Commence alors un roadtrip où l’humour, l’absurde et la douleur se tiennent de près, porté par le jeu sensible et sincère de Mathilde Eustache et de Jonathan Daniel.
Un réalisme magique ancré dans le quotidien
Dès que le duo quitte la route principale et pénètre en forêt, la pièce bascule dans un réalisme magique subtil : un jackalope surgit et provoque un accident, la voix de la mère revient par bribes, et les contours du monde se brouillent juste assez pour ouvrir une brèche vers l’imaginaire. Loin d’un enrobage fantaisiste, le conte sert ici de cadre pour parler de la mort autrement.
La forêt agit comme un espace de transition, un lieu initiatique où les deux adultes redeviennent des enfants perdus cherchant le chemin du retour. On retrouve les codes du conte de fées : les bois qui égarent, les cailloux symboliques laissés pour se retrouver, la nuit comme passage d’un état à un autre. La mère n’est plus là, mais elle n’a pas totalement quitté le paysage.
La liminalité prolongée : un deuil en suspens
La pièce s’appuie sur la notion anthropologique de « liminalité prolongée », ces situations où la mort a eu lieu mais où le rituel n’a pas suivi, laissant les proches dans un entre-deux émotionnel. Au Québec, toute personne ayant perdu un être cher en hiver connaît ce décalage forcé où le sol gelé retarde l’enterrement.
Dominitri et Anna-Plume évoluent dans ce no man’s land affectif.

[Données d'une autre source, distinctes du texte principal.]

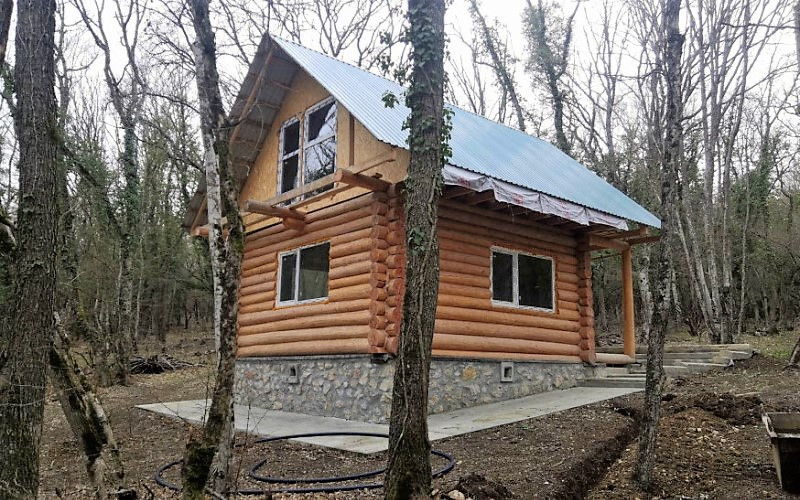ForPost - Новости : Монашеские дома в севастопольском лесу ждёт снос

L’un n’a pas grandi, l’autre a grandi trop vite. Le texte donne à voir ce flottement avec une justesse rare, sans pathos inutile. La mise en scène, centrée sur la fratrie, accentue cette tension : les échanges sont crus, parfois violents, mais habitée d’une tendresse maladroite. La pièce montre bien comment on peut être blessé par les mêmes événements, mais à des endroits différents.
Les marionnettes, passeuses entre les mondes
Parmi les réussites du spectacle, les marionnettes occupent une place majeure. La petite marionnette de la fillette d’Anna-Plume et celle du jackalope ne sont pas de simples accessoires : elles agissent comme des médiateurs dans le réalisme magique de la pièce. Elles donnent un corps à ce qui ne peut pas être formulé autrement.

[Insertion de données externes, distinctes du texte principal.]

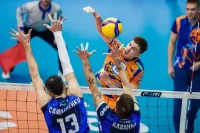 Волейбольный «Урал» в пятисетовом матче обыграл новоуренгойский «Факел»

Le jackalope, créature imaginaire, fait le lien entre la mère disparue, la forêt mythique et le traumatisme immobilisé. La marionnette de l’enfant rappelle quant à elle la vulnérabilité qu’Anna-Plume a laissée derrière elle en devenant adulte trop tôt. Ces figures de bois condensent les peurs, les deuils tus, les mots impossibles. Elles permettent à l’émotion de circuler là où les humains peinent à trouver le courage de parler. Leur présence est l’un des plus beaux dispositifs dramatiques du spectacle.

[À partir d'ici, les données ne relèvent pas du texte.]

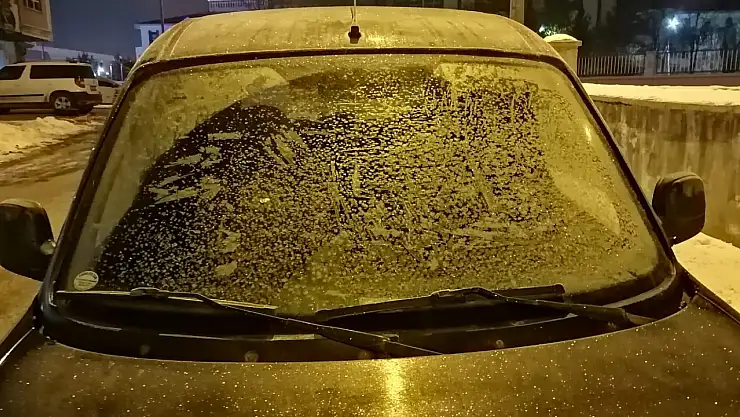 Soğuk hava Ağrı'da hayatı yavaşlatıyor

Une scénographie de l’errance
La scénographie de Youri White, rehaussée par les éclairages délicats de Charlyne Roux, propose un décor forestier d’une grande poésie. Les sièges de voiture, éclatés aux quatre coins de la scène et montés sur roulettes, traduisent physiquement l’errance du duo : rapprochements, éloignements, courses circulaires.
La musique en direct, signée Emmanuel Eustache et Pascal Larose-Picher, constitue un véritable fil d’Ariane émotionnel. Piano, flûte, violoncelle et textures sonores créent un paysage intérieur mouvant qui accompagne la progression des personnages. Héritages haïtiens, québécois et américains se mêlent dans une trame sonore qui agit comme un rite en soi.
Des hamsters dans le frigo réussit à faire tenir ensemble l’humour, l’absurde et la blessure. La pièce ouvre un espace rare : celui où raconter la mort revient à apaiser les vivants. Une proposition sensible, inventive et profondément humaine, qui rappelle qu’il n’est jamais trop tard pour dire adieu, et que parfois, il faut un jackalope sur une route forestière pour nous y décider.